*** Opening of Information shown ***
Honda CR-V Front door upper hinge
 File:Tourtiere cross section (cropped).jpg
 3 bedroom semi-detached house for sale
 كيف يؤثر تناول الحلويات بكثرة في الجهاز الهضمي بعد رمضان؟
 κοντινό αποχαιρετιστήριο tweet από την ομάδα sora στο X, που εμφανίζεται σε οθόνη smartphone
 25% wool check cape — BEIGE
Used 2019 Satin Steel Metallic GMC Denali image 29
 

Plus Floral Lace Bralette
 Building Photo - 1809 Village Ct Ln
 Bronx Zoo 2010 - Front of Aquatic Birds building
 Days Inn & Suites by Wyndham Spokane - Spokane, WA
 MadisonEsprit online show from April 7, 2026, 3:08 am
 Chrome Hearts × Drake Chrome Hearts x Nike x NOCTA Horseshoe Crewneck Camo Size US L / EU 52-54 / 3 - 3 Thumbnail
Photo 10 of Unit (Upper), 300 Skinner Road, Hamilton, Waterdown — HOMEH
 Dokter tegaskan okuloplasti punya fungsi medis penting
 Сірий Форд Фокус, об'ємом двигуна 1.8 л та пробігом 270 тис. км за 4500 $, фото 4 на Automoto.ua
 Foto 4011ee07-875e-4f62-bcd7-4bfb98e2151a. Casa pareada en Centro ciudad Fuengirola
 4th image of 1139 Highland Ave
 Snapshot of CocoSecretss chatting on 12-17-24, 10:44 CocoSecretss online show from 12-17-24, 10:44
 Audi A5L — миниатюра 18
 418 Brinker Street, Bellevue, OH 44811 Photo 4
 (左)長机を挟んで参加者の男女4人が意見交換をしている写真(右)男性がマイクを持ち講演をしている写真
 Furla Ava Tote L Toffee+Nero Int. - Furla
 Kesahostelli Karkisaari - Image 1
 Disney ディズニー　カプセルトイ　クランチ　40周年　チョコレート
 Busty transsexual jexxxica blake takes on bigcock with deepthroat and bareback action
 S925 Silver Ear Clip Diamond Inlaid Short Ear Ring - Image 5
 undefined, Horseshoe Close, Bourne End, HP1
*** Close of Information shown ***
■ **Exercise**
Between the first line of the entries above and the line with "MadisonEsprit online show", both included, copy every line exactly and nothing outside that range.

■ **Solution to the exercise**
Honda CR-V Front door upper hinge
 File:Tourtiere cross section (cropped).jpg
 3 bedroom semi-detached house for sale
 كيف يؤثر تناول الحلويات بكثرة في الجهاز الهضمي بعد رمضان؟
 κοντινό αποχαιρετιστήριο tweet από την ομάδα sora στο X, που εμφανίζεται σε οθόνη smartphone
 25% wool check cape — BEIGE
Used 2019 Satin Steel Metallic GMC Denali image 29
 

Plus Floral Lace Bralette
 Building Photo - 1809 Village Ct Ln
 Bronx Zoo 2010 - Front of Aquatic Birds building
 Days Inn & Suites by Wyndham Spokane - Spokane, WA
 MadisonEsprit online show from April 7, 2026, 3:08 am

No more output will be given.